La question était inédite, car si la jurisprudence admet la déductibilité des sommes détournées au détriment d’une société (CE, 12 avril 2019, n° 410042) et exclut celle des détournements opérés au profit de ses dirigeants (CE, plén., 27 juillet 1988, n° 54510), le cas du dirigeant contraint par des tiers n’avait jamais été tranché.
En l’espèce, le gérant d’un débit de boissons avait à la fois détourné des fonds à son profit et remis des sommes à des tiers dans le cadre d’une extorsion. L’administration avait reconstitué les résultats de la société et procédé à des rappels d’IS et de TVA en se fondant sur la théorie de l’acte anormal de gestion.

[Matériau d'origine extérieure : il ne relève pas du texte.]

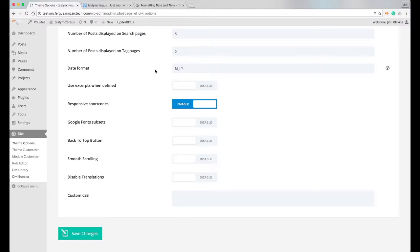Now where they get these dates from is WordPress has a codex, and I believe it's the exact same formatting you use for coding in PHP, and this is how it kind of translates and grabs the date and puts it in a specific format.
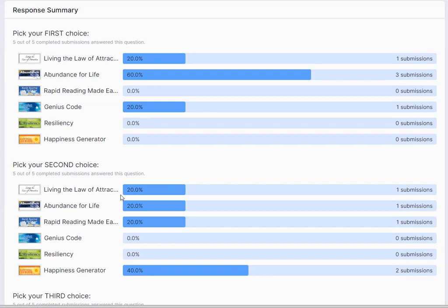If you don't know what the Paraliminals are, wherever you're watching this video I'll add a link so you can go and see. They are amazing. They're one of the things I started using back in, well, started using them seriously in the year 2000. I started with New Behavior Generator, Beliefs, Memory Supercharger, Dream Play, and there was a two-part one as well.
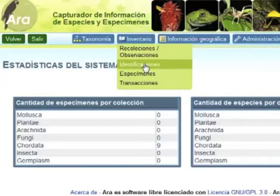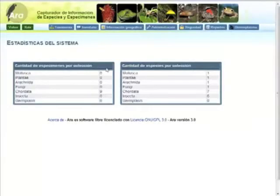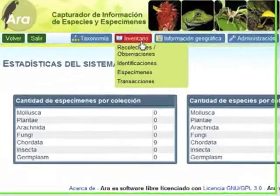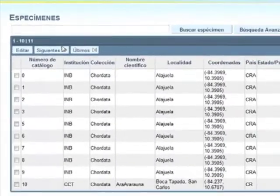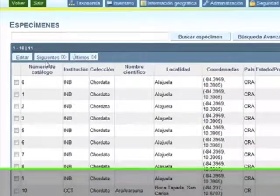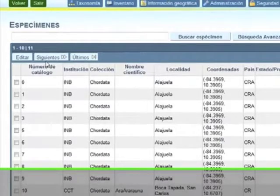Editing a specimen. On the inventory menu, select the specimens option. On the result that shows, you can find information related to institution, collection, and coordinates among others.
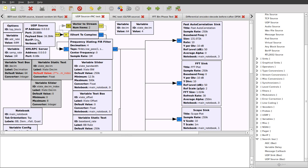They're interleaved samples of I and Q, the real and complex components of a complex sample. So the I short to complex block is a very simple way of converting such an interleaved short stream to a complex sample.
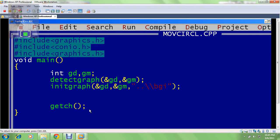Hello friends, today we will be studying computer graphics in which we will move a circle from one position to another position in slow motion. For that we have a basic graphics program in which I have detected the graph and initialized the graph. Now I need to move a circle.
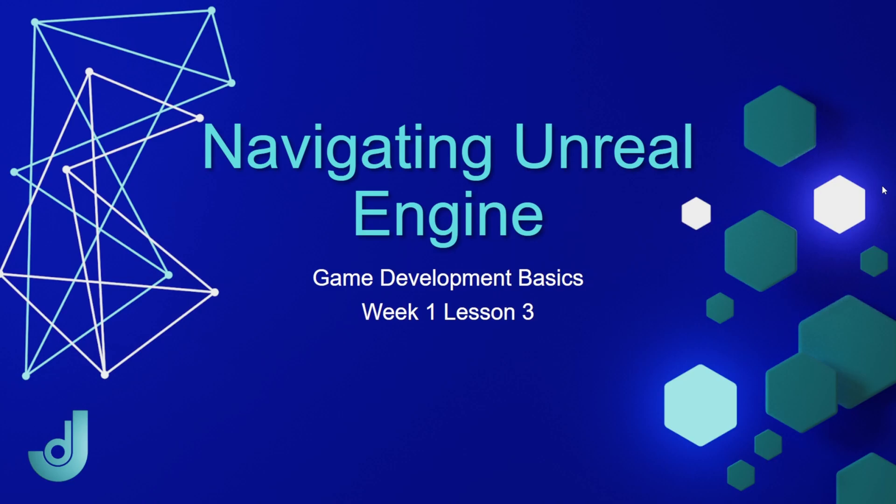Welcome to my course, Game Development Basics, Week 1, Lesson 3, Navigating Unreal Engine.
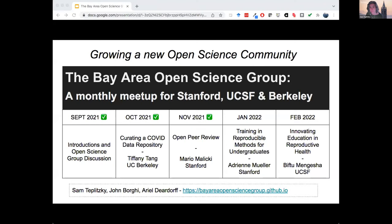The next project will be presented by Sam. Hi everyone, my name is Sam Toplitsky. I'm the open science librarian at UC Berkeley. Today I'm speaking on behalf of Ariel Dierdorf and John Borgy, who you just heard from. I'm happy to be talking about the Bay Area Open Science Group.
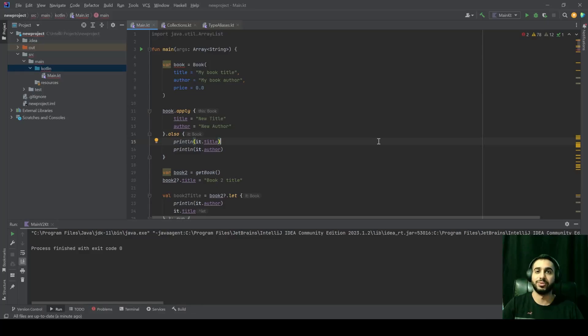Hello and welcome to Relatable Code. In this video, we're going to talk about extension functions in Kotlin, so let's get started.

La haute juridiction valide le raisonnement de la cour administrative d’appel de Marseille du 3 octobre 2024 (n° 22MA01609) qui avait distingué deux catégories de détournements. Les sommes remises sous la contrainte caractérisée par des menaces d’atteintes graves aux biens ou à la personne doivent être regardées comme détournées au détriment de la société et sont donc déductibles. En revanche, celles détournées au profit du dirigeant lui-même restent non déductibles, conformément à la jurisprudence antérieure du Conseil d’Etat.
Il censure toutefois l’arrêt d’appel sur le terrain de la TVA : le détournement des recettes est sans incidence sur leur assujettissement à la taxe dès lors qu’elles proviennent d’une activité économique.